▸ **DIRECTIONS FOR THIS TASK**
Pictures in the entries below are to be left out; otherwise, reproduce exactly the lines from the first through the line containing "Drilling Denim Skirt".

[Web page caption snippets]
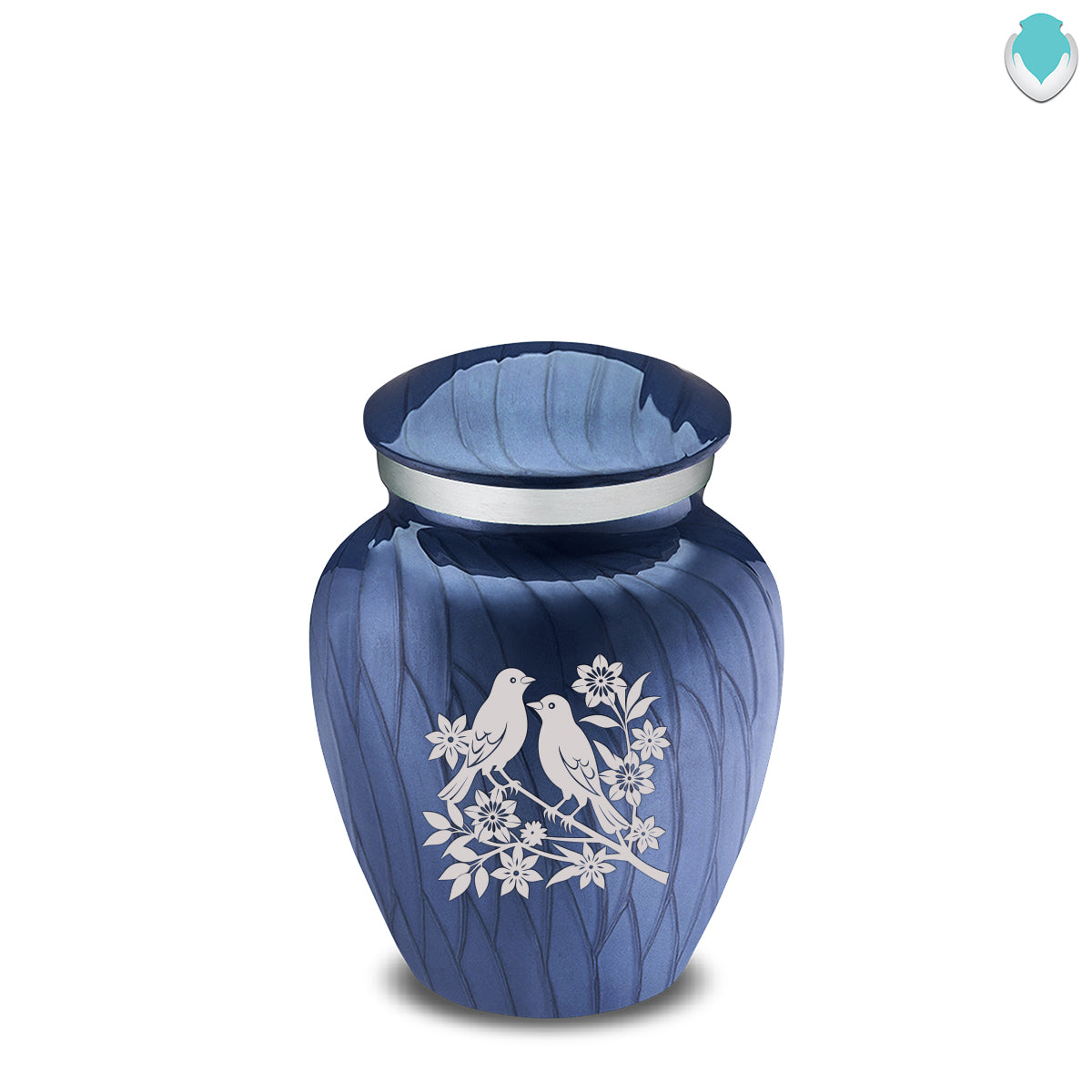 Keepsake Embrace Pearl Cobalt Blue Songbirds Cremation Urn
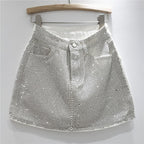 【moq-5 Packs】 Summer Heavy Embroidery Drilling Denim Skirt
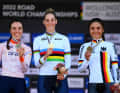 Tous les champions et championnes du monde des championnats du monde de cyclisme 2022 : Contre-la-montre individuel U23 femmes : Or Vittoria Guazzini (Italie), argent Shirin van Anrooij (Pays-Bas), bronze Ricarda Bauernfeind (Allemagne) 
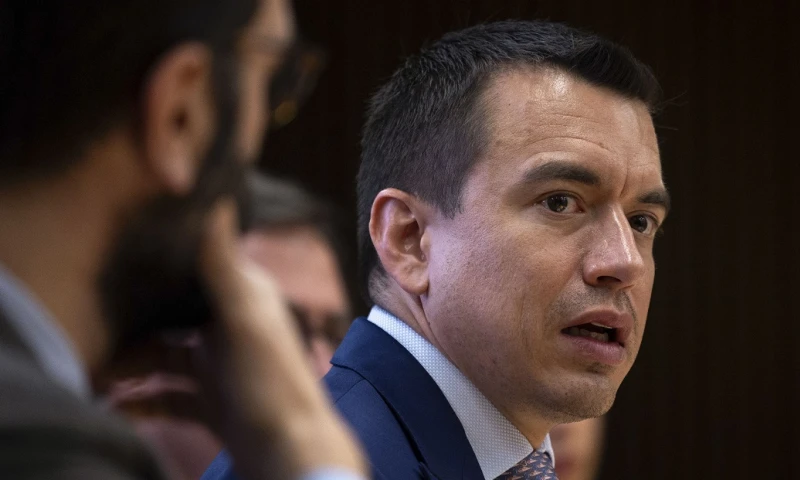 Noboa recalcó que no reconocerán el resultado de las próximas elecciones, "ya que no han sido elecciones libres" / Foto: EFE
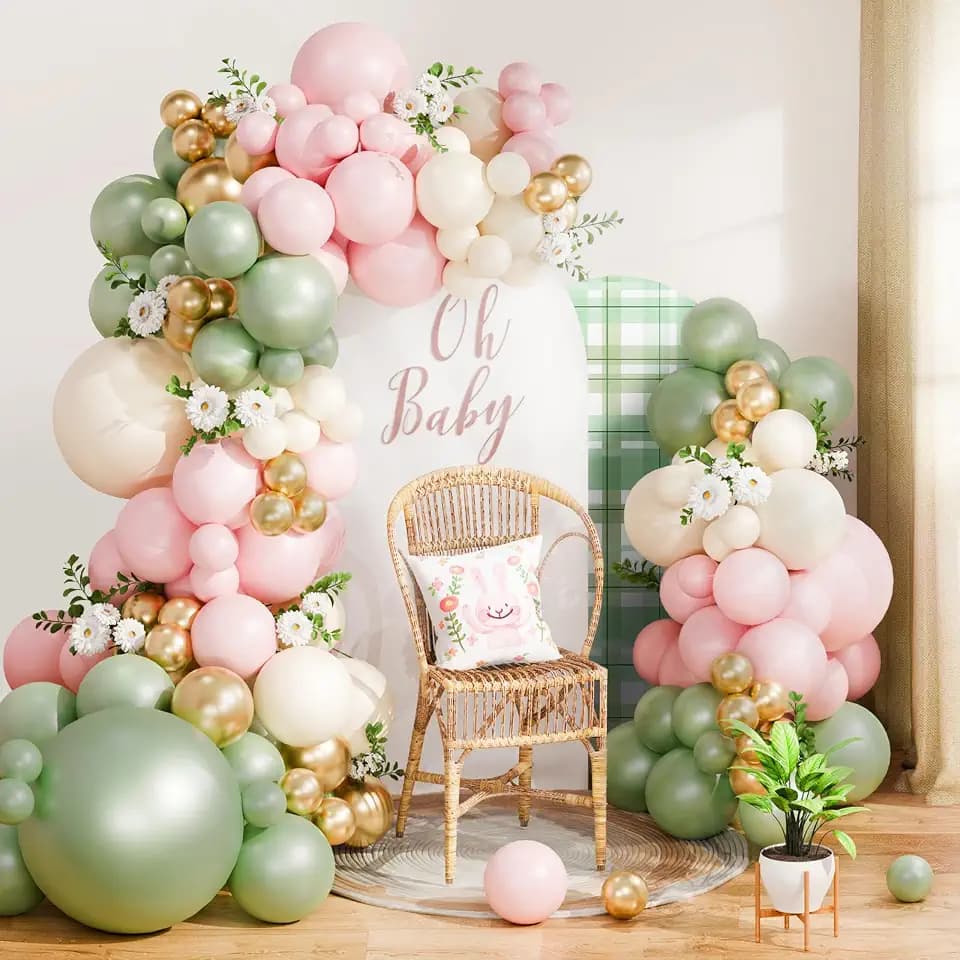 Luftballon Girlande Rosa Grün, 115 Stück Luftballons Grün Rosa Pastell, Luftballons Salbeigrün Pink Pastell Geburtstag Set für Baby Shower Babyparty Deko Mädchen, Geburtstagsdeko, Hochzeit, JGA Deko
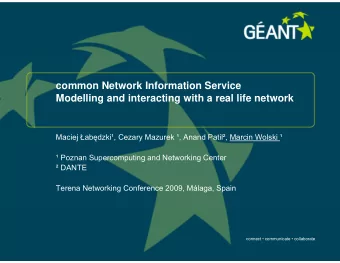 common Network Information Service  Modelling and interacting with a real life network Maciej  ab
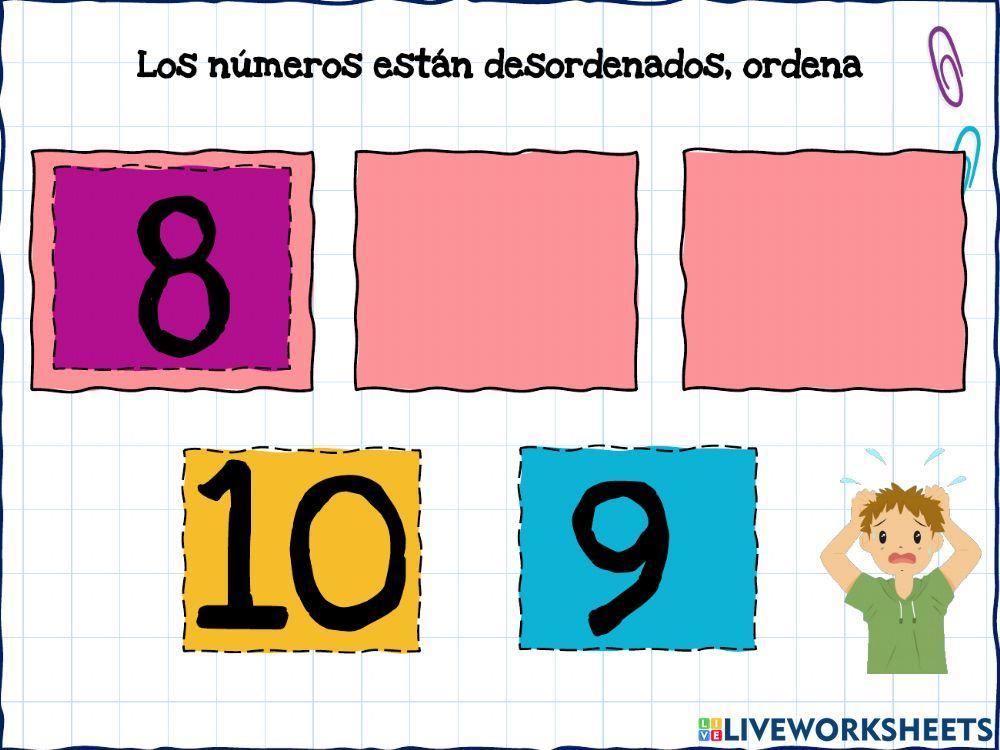 Ordena los números 1 al 10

▸ **RESPONSE BOX**
 Keepsake Embrace Pearl Cobalt Blue Songbirds Cremation Urn
 【moq-5 Packs】 Summer Heavy Embroidery Drilling Denim Skirt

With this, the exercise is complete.